A finales de la Segunda Guerra Mundial, dos bombas de fisión fueron utilizadas para atacar las ciudades japonesas de Hiroshima y Nagasaki, mostrándose el horror derivado del uso de este tipo de armamento.

A partir de entonces, se generó una carrera armamentista sin precedentes en la historia de la humanidad, y se produjeron numerosos movimientos para evitar la proliferación y el uso de estas armas de destrucción masiva; entre los resultados de estos esfuerzos destaca el Tratado de Tlatelolco para América Latina, vigente desde 1969.

En este contexto, el 14 de octubre de 2016 fue emitida la resolución L41 del Comité de Desarme y Seguridad Internacional de la ONU. En dicho documento, el organismo se comprometió a realizar una conferencia especial para establecer un tratado de prohibición de todas las armas nucleares en todo el planeta.

Los trabajos de esta conferencia se efectuaron exitosamente y el 7 de julio de 2017, 122 países miembros de la ONU (incluido México) suscribieron un acuerdo que abre una vía legal para alcanzar el desarme nuclear total en todo el mundo.

Entre otros puntos, los países firmantes se comprometen a no desarrollar, ensayar, producir, fabricar, adquirir, poseer o almacenar armas o explosivos nucleares. Asimismo, tampoco podrán usar armas nucleares contra población alguna.

Aunque los trabajos relacionados con el tratado han sido desestimados por los países poseedores de armas atómicas, el acuerdo establecido en la ONU no es irrelevante. Es muy probable que, dentro de dos años, el tratado tenga las 50 ratificaciones de países miembros, necesarias para que forme parte del derecho internacional.

Increíblemente, las armas nucleares aún no han sido declaradas ilegales, como ya lo son las químicas y las biológicas.

La energía nuclear no es necesariamente destructiva. Un ejemplo que muestra la utilidad de las reacciones de fusión se encuentra en nuestro Sol. Nuestra estrella, situada a 150 millones de kilómetros de la Tierra, proporciona la energía que da vida a nuestro planeta a partir de uniones continuas protón-protón.

Comprender y aplicar este tipo de proceso en laboratorios terrestres, dará lugar a una abundante producción de energía limpia, que garantizará el abasto de electricidad a grandes poblaciones a nivel mundial.

La investigación científica orientada a fines pacíficos y de pertinencia social es deseable y necesaria, para garantizar la viabilidad de nuestra civilización.
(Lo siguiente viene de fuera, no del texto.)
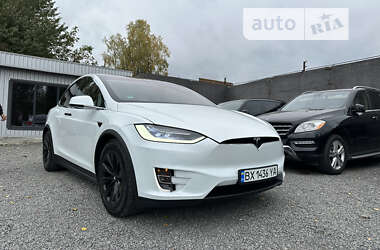 Позашляховик / Кросовер Tesla Model X 2017 в Хмельницькому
El acuerdo aprobado este 7 de julio en el seno de la ONU contra las armas nucleares debe ser difundido, apoyado y tomado como ejemplo del poder del diálogo genuino como contrapeso a los llamados ‘argumentos de disuasión”’ frecuentemente esgrimidos por las grandes potencias mundiales, expuso en su análisis Alfredo Sandoval Villalbazo, coordinador del Programa de Servicio Departamental de Física de la Universidad Iberoamericana (Ibero) Ciudad de México.